P.-¿Son irreconciliables psiquiatría y religión?

R.-Totalmente, la religión es el misterio, la psiquiatría es la asesina del misterio.



P.-¿Consideraría la obra una búsqueda o una ruptura con Dios?

R.-Hay algo más poderoso que la fe y es la necesidad de creer en dios. La búsqueda espiritual de los no creyentes es tan escarpada como la fe, y la fuerza de esa búsqueda nace de la necesidad de Dios, no de la existencia de Dios.



P.-¿Qué respuestas da Monteverdi en el montaje?

R.-El trabajo es un camino desde el infierno hasta el paraíso. Al final del camino está Monteverdi. Necesitamos milagros y El lamento de la ninfa los produce.



P.-¿Qué relación tiene esta obra con Carta a San Pablo... su próximo trabajo? ¿Cómo ha estructurado el Ciclo de las Resurrecciones?

R.-Todo el ciclo trabaja con la misma pregunta. Se trata de llegar a la luz mediante las tinieblas. Están conectadas por las tinieblas y por un universo donde lo prerracional conduce las acciones humanas.
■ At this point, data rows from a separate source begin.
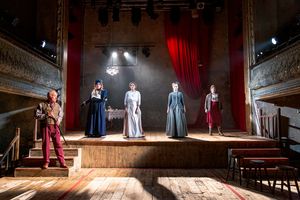 Owen Brenman, Jessica Regan, Emma McDonald, Celeste Dodwell, FIona Skinner @ BroadwayWorld Owen Brenman, Jessica Regan, Emma McDonald, Celeste Dodwell, FIona Skinner Photo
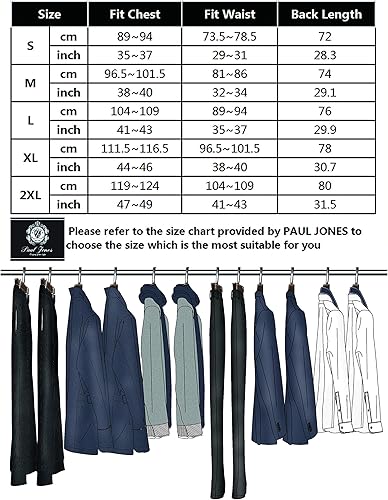 Miniatura 3 de PJ PAUL JONES Chaleco de punto trenzado con cuello en V para hombre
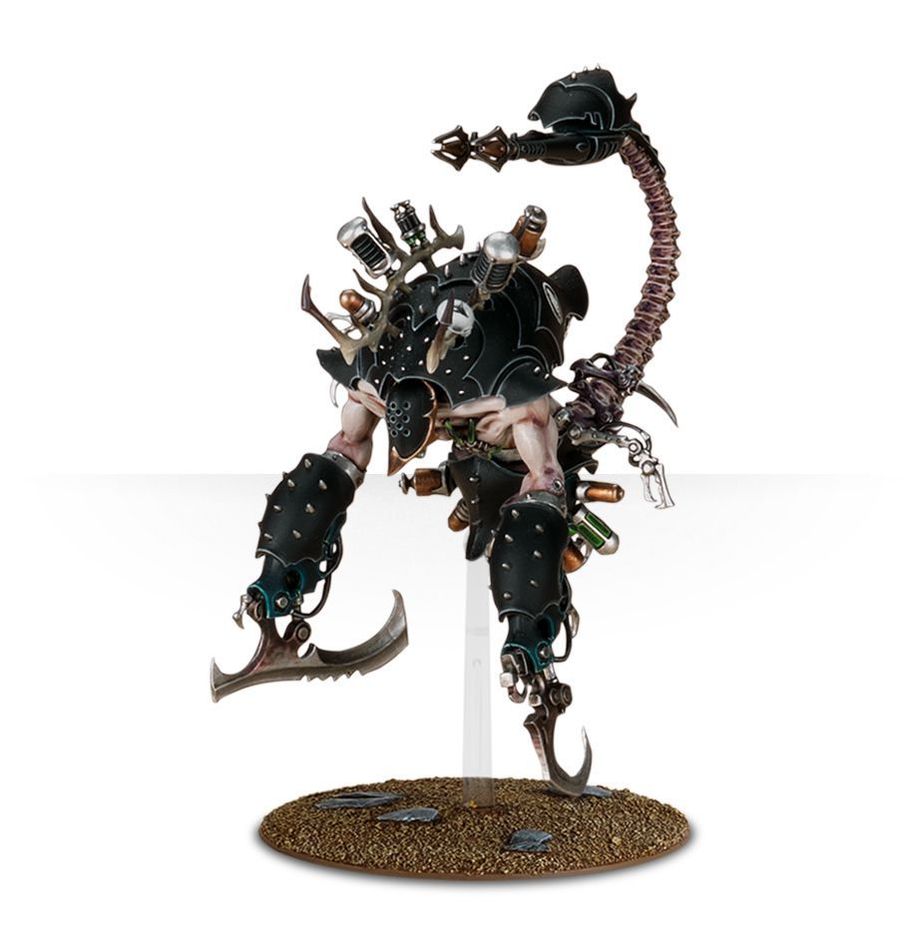 10/11(土)発売WH40K:コンバットパトロール:デュカーリ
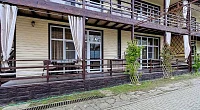 "Лика" гостевые комнаты, Архипо-Осиповка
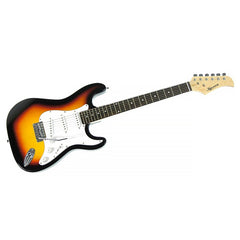 Karrera 39in Electric Guitar - Sunburst Dropshipzone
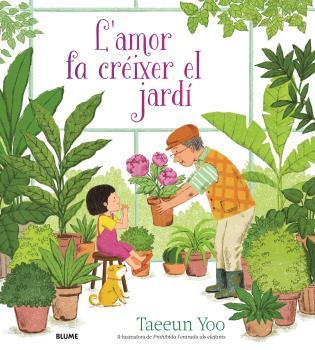 L'amor fa créixer el jardí | 9788419499974 | Taeeun Yoo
P.-Hablando de tinieblas, ¿qué piensa de la clase política ante tanta corrupción? ¿Haría una obra de teatro con todo ello?

R.-Pienso que la única opción es la anarquía, ese NO ESTADO, como propone Chomsky, donde cada individuo es consciente del bien y del mal por sí mismo sin necesidad de ideología ni de partidos. Pero el alma humana no está a la altura del derecho, y por esta razón la anarquía es una utopía. Ahora mismo estoy trabajando con la idea de Dios, en un territorio muy lejano a la actualidad.



P.-¿Qué debería denunciar el teatro en estos momentos?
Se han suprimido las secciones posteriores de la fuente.